▸ Problem statement:
A verbatim reproduction of the lines below, from the line containing "Unit 1&2/38 Beak" through the line containing "Rosy_Emely live sex cam", both ends included, is the whole required output.

▸ Provided information:
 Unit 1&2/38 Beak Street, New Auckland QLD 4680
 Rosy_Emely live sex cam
==
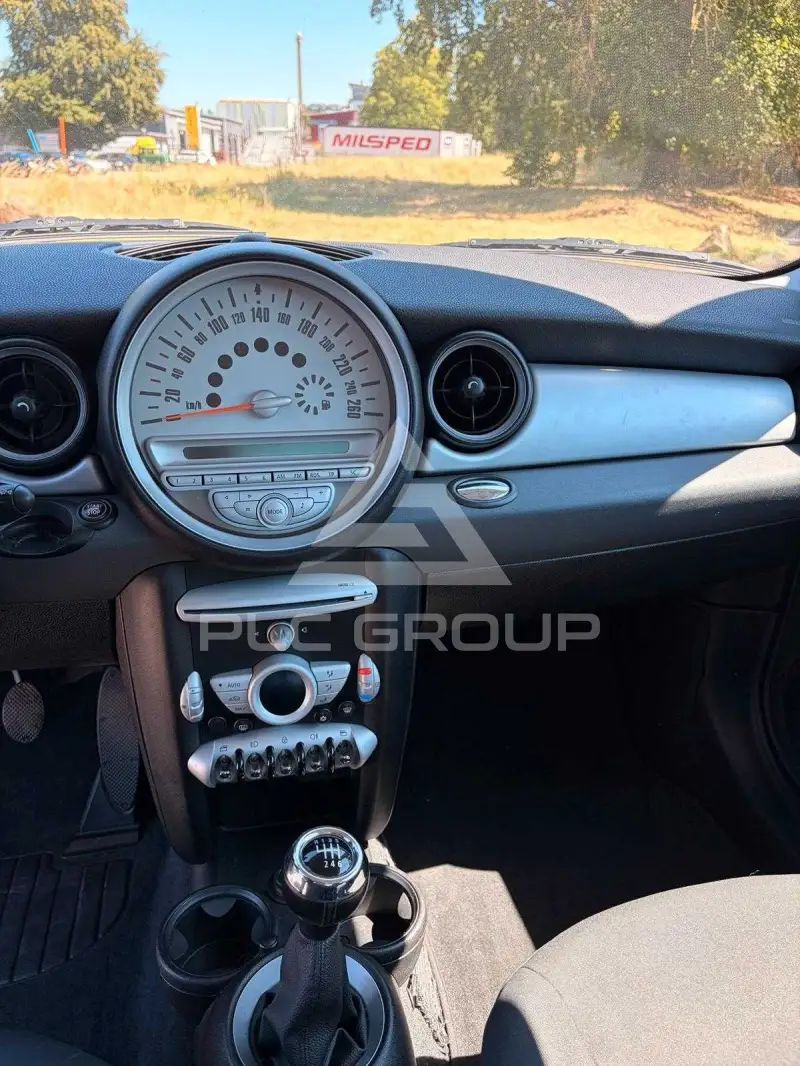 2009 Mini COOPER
* * *
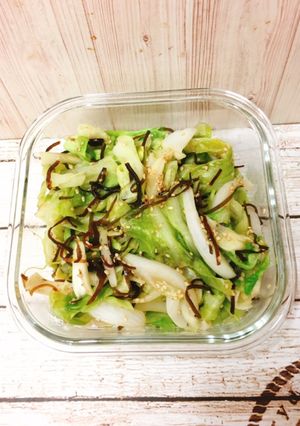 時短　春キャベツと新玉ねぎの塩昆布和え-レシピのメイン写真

▸ Response:
 Unit 1&2/38 Beak Street, New Auckland QLD 4680
 Rosy_Emely live sex cam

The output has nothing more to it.